SOURCE MATERIAL:
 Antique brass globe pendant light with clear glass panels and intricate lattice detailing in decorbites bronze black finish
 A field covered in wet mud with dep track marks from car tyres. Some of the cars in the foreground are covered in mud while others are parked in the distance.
--
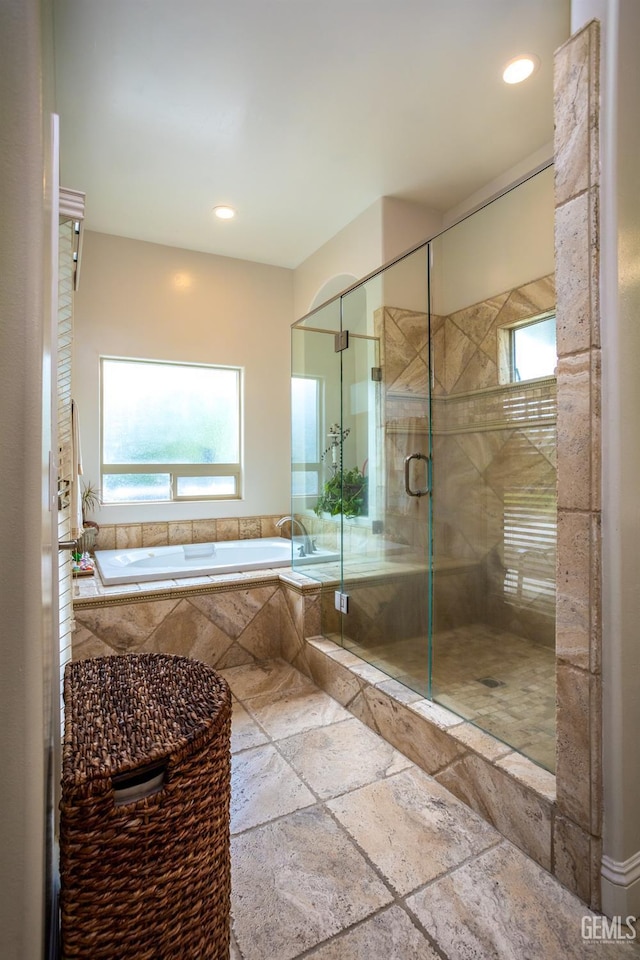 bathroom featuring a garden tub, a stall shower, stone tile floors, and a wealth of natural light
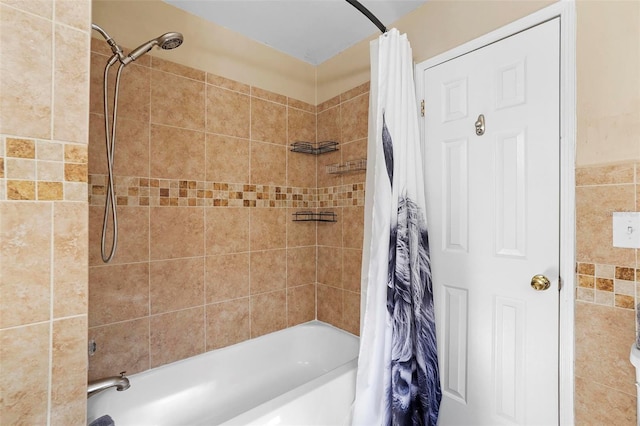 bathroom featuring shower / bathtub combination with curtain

TASK STATEMENT: Only the lines above from the one with "Antique brass globe" through the one with "A field covered" should be duplicated, character for character.

SOLVED PROBLEM:
 Antique brass globe pendant light with clear glass panels and intricate lattice detailing in decorbites bronze black finish
 A field covered in wet mud with dep track marks from car tyres. Some of the cars in the foreground are covered in mud while others are parked in the distance.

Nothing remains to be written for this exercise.